If the campaign depends on email, SMS, push notifications or automated journeys, get legal review before sending.
Review sponsorships, affiliates and brandsharing
Part 6 of the Tobacco and Vapes Act covers advertising, brandsharing and sponsorship powers, so sponsorships should never be treated as a workaround.
- Does the placement promote a vape product, vape brand or nicotine product?
- Is there a discount code, affiliate link, tracked button or paid placement?
- Could the creative appeal to under-18s or look youth-coded?
- Does the partner content make health, safety or quitting claims?
- Is the audience general public, adult-only, trade-only or mixed?
- Has legal advice reviewed the exact format?
If the answer is unclear, pause the deal until advice is obtained.
Remove risky claims before channel tweaks
Some assets are risky because of where they appear. Others are risky because of what they say. Remove or escalate any wording that says or implies:
- the product is safe, risk-free, healthy or harmless
- the product helps people quit smoking or reduce smoking without a specific authorised basis
- a health professional recommends the product
- the product is suitable for non-smokers or young adults
- vaping is glamorous, rebellious, status-enhancing or youth-coded
- a tobacco brand, tobacco imagery or tobacco-use cue is being borrowed
Set a monitoring routine
The Act is law, but the advertising implementation is staged. Assign one owner to check the same primary sources every month until the rules settle: GOV.UK updates, the Tobacco and Vapes Act text and commencement information, ASA/CAP news, CAP Code Section 22 and the relevant ASA AdviceOnline pages.

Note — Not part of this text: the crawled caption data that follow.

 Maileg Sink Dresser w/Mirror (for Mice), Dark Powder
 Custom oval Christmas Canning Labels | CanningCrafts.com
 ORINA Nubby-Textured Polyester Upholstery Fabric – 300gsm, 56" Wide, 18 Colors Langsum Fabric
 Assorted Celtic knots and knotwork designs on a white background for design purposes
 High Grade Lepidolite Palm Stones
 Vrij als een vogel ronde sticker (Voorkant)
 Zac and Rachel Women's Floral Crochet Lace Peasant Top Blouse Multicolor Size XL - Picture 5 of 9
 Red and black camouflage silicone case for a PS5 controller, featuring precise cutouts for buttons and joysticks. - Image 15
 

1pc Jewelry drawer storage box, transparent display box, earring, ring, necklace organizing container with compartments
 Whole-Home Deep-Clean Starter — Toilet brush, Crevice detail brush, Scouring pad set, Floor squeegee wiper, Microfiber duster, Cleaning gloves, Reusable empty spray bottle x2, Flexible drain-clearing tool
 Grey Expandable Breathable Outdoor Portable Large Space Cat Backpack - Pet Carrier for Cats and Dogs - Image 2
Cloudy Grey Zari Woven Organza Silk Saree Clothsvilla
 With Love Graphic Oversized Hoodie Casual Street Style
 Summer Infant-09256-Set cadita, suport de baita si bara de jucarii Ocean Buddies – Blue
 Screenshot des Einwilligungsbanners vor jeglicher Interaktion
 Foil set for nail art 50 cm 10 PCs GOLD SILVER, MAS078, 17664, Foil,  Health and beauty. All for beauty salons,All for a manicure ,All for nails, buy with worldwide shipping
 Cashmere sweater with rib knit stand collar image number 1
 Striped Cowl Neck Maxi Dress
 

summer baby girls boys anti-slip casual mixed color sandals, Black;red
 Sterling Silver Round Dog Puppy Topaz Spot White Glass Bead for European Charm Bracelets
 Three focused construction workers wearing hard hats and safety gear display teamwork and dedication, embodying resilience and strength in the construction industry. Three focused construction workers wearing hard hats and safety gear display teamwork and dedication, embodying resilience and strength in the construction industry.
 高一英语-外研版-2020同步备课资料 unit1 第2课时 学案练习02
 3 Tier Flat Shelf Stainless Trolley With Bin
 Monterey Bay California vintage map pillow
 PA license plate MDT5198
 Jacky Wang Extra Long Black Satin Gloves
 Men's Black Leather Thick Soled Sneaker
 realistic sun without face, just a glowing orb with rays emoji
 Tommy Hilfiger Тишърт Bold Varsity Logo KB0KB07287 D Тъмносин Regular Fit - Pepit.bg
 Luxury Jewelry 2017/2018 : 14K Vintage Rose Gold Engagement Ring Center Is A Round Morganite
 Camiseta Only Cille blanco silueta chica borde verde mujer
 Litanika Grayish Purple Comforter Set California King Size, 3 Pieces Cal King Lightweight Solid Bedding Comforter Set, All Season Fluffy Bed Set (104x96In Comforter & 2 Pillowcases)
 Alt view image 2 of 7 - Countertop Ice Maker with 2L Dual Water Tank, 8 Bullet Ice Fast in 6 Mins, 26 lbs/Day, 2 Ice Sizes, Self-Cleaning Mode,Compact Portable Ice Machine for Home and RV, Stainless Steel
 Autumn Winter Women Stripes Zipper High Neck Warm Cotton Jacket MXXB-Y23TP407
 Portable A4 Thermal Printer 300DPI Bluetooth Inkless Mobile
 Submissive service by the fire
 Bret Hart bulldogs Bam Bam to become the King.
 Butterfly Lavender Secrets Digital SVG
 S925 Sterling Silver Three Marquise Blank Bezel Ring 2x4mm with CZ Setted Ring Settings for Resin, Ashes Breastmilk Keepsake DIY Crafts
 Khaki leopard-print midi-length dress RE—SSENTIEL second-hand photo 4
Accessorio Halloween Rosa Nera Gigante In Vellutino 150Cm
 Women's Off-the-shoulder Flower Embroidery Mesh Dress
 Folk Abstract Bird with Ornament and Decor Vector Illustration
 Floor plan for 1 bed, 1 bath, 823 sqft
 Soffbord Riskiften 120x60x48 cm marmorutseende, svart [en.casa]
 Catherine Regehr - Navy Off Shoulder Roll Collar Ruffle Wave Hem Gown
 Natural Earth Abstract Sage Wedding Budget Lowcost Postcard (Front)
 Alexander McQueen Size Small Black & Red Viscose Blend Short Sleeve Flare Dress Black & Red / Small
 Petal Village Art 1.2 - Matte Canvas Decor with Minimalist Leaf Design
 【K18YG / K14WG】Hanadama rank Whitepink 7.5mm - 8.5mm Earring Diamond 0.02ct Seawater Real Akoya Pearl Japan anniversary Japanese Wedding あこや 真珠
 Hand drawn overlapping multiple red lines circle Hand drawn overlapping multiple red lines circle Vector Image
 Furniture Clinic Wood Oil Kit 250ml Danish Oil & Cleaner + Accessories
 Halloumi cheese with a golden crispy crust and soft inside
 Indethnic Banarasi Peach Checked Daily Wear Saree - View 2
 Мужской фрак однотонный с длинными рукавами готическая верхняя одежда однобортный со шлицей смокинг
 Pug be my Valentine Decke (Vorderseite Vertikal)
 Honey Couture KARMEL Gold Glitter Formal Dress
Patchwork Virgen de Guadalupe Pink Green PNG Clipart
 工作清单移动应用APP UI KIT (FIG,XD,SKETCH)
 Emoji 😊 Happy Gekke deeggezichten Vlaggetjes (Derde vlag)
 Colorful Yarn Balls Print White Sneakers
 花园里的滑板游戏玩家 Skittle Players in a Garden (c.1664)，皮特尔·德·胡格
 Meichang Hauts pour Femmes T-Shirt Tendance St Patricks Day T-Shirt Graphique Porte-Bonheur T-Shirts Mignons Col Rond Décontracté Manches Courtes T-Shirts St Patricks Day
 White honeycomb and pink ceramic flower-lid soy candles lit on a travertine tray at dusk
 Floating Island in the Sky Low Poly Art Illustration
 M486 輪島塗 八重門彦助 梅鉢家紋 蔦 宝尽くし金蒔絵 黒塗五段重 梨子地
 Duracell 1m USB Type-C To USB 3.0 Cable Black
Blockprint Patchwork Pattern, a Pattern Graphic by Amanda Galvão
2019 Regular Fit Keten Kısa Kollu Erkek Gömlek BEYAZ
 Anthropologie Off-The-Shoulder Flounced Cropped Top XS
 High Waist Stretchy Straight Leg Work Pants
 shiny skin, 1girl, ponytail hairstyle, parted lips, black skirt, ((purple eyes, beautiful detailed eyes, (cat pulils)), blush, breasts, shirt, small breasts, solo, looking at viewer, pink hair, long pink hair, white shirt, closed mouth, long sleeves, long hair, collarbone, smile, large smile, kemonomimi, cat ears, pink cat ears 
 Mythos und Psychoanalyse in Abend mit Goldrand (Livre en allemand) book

For adjacent retailer context, see our Vaping Products Duty and duty stamps guide.
- what changed
- the date checked
- the source URL
- which campaigns or templates are affected
- whether legal advice is needed
- who approved the next action
Practical 30-minute triage checklist
If you only have half an hour today, start here:
- Pause any planned public influencer post that includes a nicotine vape product, discount code, affiliate link or call to buy.
- Check paid media accounts for vape product ads, brand ads linking to purchasable nicotine products, retargeting campaigns and in-app placements.
- Review the latest newsletter and automated flows for promotional product blocks, discount mechanics and cross-sells.
- Scan homepage, category and product-page copy for hype, urgency, youth-coded flavour language and health or quitting claims.
- List sponsorships, affiliate deals and publisher placements for legal review.
The bottom line
The real job after the Tobacco and Vapes Act 2026 is not just knowing the law exists. It is finding the marketing assets that could create risk before regulators, platforms, partners or readers find them first.
Keep the review adult-focused. Keep factual product information factual. Remove youth-coded and medical-style claims. Track the official sources as commencement regulations and CAP/BCAP updates arrive. This checklist is a working audit tool, not legal advice or medical advice.
Official sources used: GOV.UK (Tobacco and Vapes Bill becomes law), legislation.gov.uk (Tobacco and Vapes Act 2026, Part 6), ASA/CAP news on the Act, CAP Code Section 22 and ASA AdviceOnline on electronic cigarettes, media prohibitions and health/medicinal claims.